Tomographic measurement of the intergalactic gas pressure through galaxy-tSZ cross-correlations

TL;DR

This study uses galaxy-tSZ cross-correlations to measure the redshift evolution of intergalactic gas pressure and the hydrostatic mass bias, providing new constraints on gas thermodynamics and energy processes in galaxy clusters.

Contribution

It presents the first precise tomographic measurements of the gas pressure and mass bias evolution using full-sky surveys, improving constraints on cluster physics and cosmological parameters.

Findings

No evidence for redshift dependence of mass bias parameter.

Measured hydrostatic mass bias $1-b_{H} = 0.75 \\pm 0.03$ consistent with previous estimates.

Provided the most stringent constraints on the redshift evolution of gas pressure.

Abstract

We cross-correlate maps of the thermal Sunyaev-Zeldovich (tSZ) Compton-$y$ parameter published by Planck with the projected distribution of galaxies in a set of low-redshift tomographic bins. We use the nearly full-sky 2MASS Photometric Redshift and WISE $\times$ SuperCOSMOS public catalogues, covering the redshift range $z\lesssim0.4$. Our measurements allow us to place constraints on the redshift dependence of the mass-observable relation for tSZ cluster count analyses in terms of the so-called 'hydrostatic mass bias' parameter $1-b_{\rm H}$. These results can also be interpreted as measurements of the bias-weighted average gas pressure $\langle bP_e\rangle$ as a function of redshift, a quantity that can be related to the thermodynamics of gas inside haloes and used to constrain energy injection processes.
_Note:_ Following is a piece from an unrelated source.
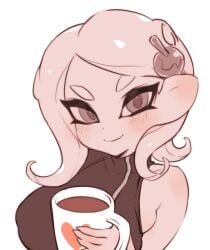 1girls agent_8_(octo_expansion) agent_8_(splatoon) big_breasts breasts closed_mouth coffee cup female_focus food heart highres holding holding_cup jtveemo ko-fi ko-fi_logo large_breasts looking_at_viewer mug nintendo octoling octoling_girl octoling_player_character sfw simple_background single_bare_shoulder single_sleeve smile solo splatoon splatoon_(series) splatoon_2 splatoon_2:_octo_expansion tentacle_hair turtleneck upper_body white_background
We measure $1-b_{\rm H}$ with $\sim6\%$ precision in 6 equispaced redshift bins, and find no evidence for a redshift-dependent mass bias parameter, in agreement with previous analyses. Our mean value of $1-b_{\rm H} = 0.75\pm0.03$ is also in good agreement with the one estimated by the joint analysis of Planck cluster counts and CMB anisotropies calibrated with CMB lensing. Our measurements of $\langle bP_e\rangle$, at the level of $\sim10\%$ in each bin, are the most stringent constraints on the redshift dependence of this parameter to date, and agree well both with previous measurements and with theoretical expectations from shock-heating models.